Factory prices in China have been falling now for nearly 4 years. The most recent number, for June 2015, showed an annualized pace of decline of 4.8% Keep that up for a few years and unless you change your business model or your raw materials and other inputs show equally rapid decline in prices you will find your profits disappearing faster than the wine at a Chinese banquet. And indeed in some industries that is the case today.

The root cause is an overshoot in capacity. As growth in domestic and export demand slowed, too many companies were showered with capital and they spent it building more capacity. This behavior was almost inevitable given the land grab mentality of many private sector and state owned enterprise entrepreneurs. If you don’t get to #1 by size and then stay there, what chance would you have of winning in the long term – this was the mantra of many. As provinces competed with each other to be home to the winner, they contributed to the over capacity by encouraging and even financing their local champion to overinvest.

So what are China’s entrepreneurs doing when faced with this?
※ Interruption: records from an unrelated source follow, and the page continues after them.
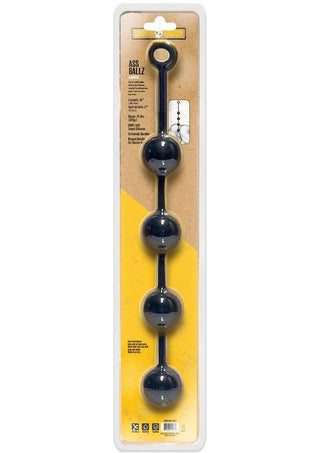 Ass Ballz Large - Clamshell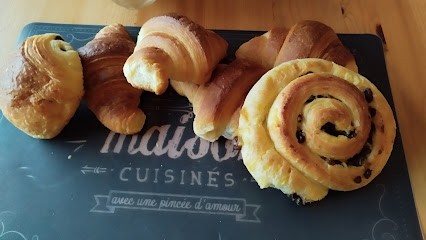 Marie-Ernestine David, Boulangerie à Tostat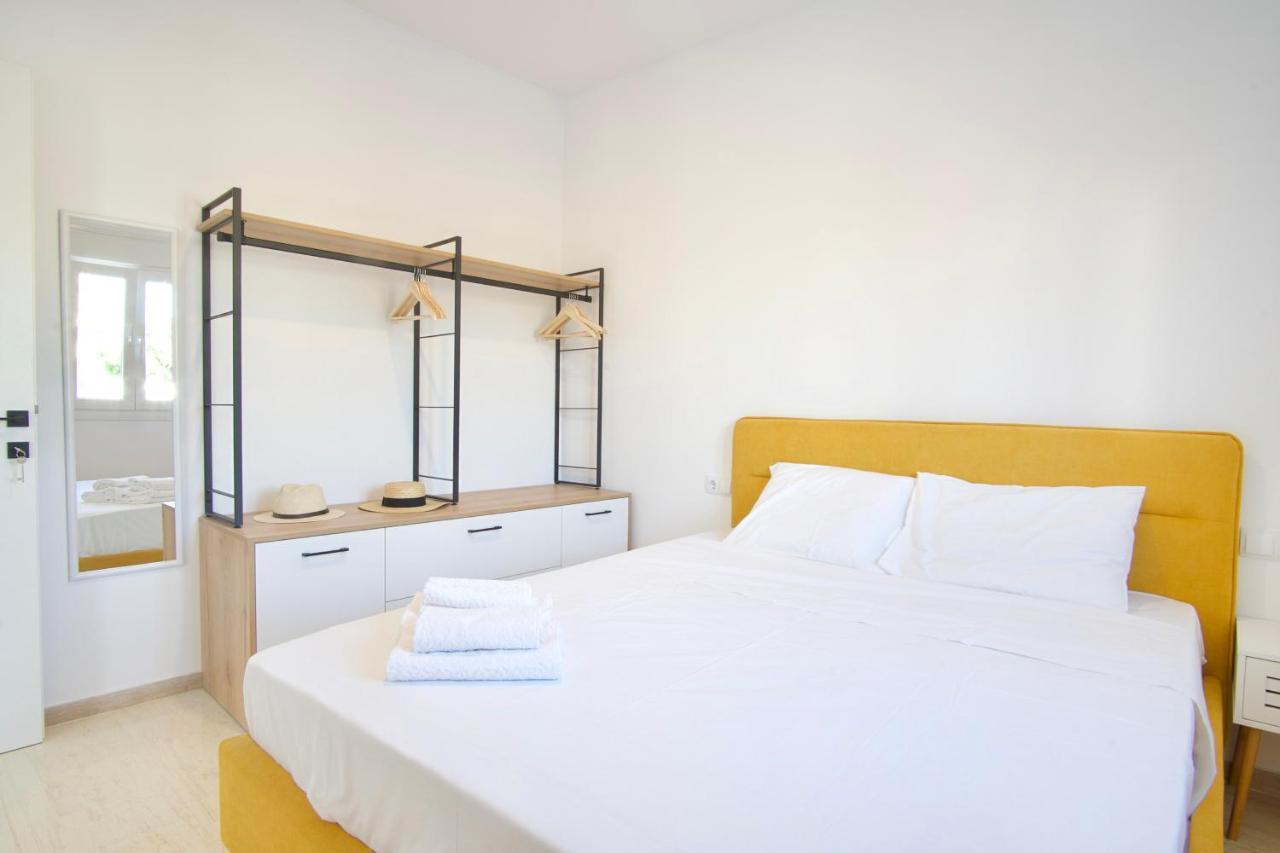 Asteria Apartments Analipsi  Luaran gambar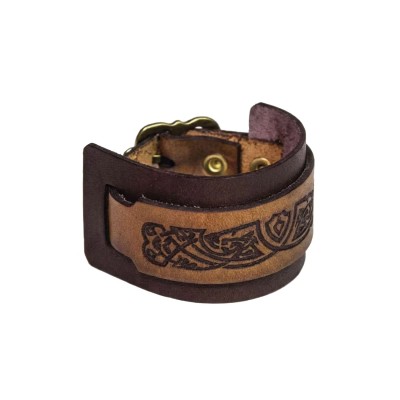 Aredel Leren Armband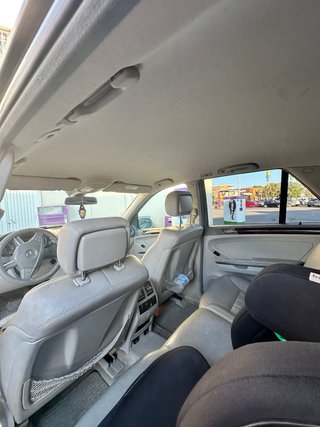 Mercedes-Benz Ml 2005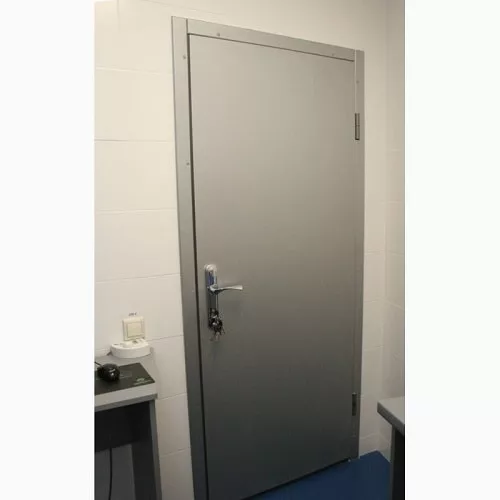 Двери свинцовые 1000x2100x0.25 мм ДР-1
The weak, the slow, the inflexible who are unable to adapt and change at pace at undergoing a slow decline. Continuous belt tightening and cost cutting, failed attempts at diversification, using capital to keep the business going rather than to expand capacity. However they tend not to disappear, they still produce, often using marginal prices to sell their output, sustaining the downward pressure on prices. This remains the largest segment of companies.

The adapters embrace change and in particular are embracing functional expertise as a way to change their game, genuinely reducing costs and enhancing speed to market. Historically, many Chinese companies have simply ignored the potential of operational excellence to improve efficiency. Today the best are looking at everything from getting more out of their existing capacity in the factory, tightening up supply chains, improving energy, water, heat efficiencies through a more scientific approach. We are seeing 20-30% improvements, so poor have prior operations been. It is not just in operations that we see the change. It is also true in information technology, where Chinese companies typically underspent their international peers by 50%. Using IT to further enhance operations, to get faster and better customer insights and to work more effectively with suppliers are hallmarks of these adaptive companies. Finally, a more scientific approach to marketing is generating superior insights and greater impact. Often by working closely with China’s largest internet companies, adapters are getting a level of instant insight on actual and potential customers that they have never had before.

These companies are the ones that we should worry about as the next wave of competition from China. They already produced a good enough (and sometimes very good) quality of product. But multinationals often could win against them through their superior functional expertise that delivered better value to the customer. As Chinese entrepreneurs finally master excellence from marketing to IT to operations they become much more threatening competitors both in China and beyond. These companies have always believed in change, in reinvention and this is simply the next change in their journey.

Others, the immediate internationalizers, have simply sought to continue to grow by applying the techniques that applied successfully in China abroad. They put their China product into international markets and see what works and what does not. They tend not to realize that the damage that a poor first impression can make in more mature markets, that customers are much less willing to give a second or third chance to a manufacturer who disappoints them the first time round.

Slowly this downward pressure on prices is changing Chinese companies for the better. The winners are completing their evolution to world class on all key dimensions and are becoming ready to be threats to multinationals anywhere in the world, not just China. There are though two major transitional side effects. One is that we will continue to see marginal product exported from China that will continue to hold back the “Made in China” brand. The second is that there will inevitably be loss of jobs in China. Even the best companies may need fewer people as they become more efficient and the poorer performers will gradually downsize to reduce their costs.

Great pain across the board but its an economy wide case of “what doesn’t kill you will make you stronger”. Silently there will be many of the former and much more noisily a few of the latter.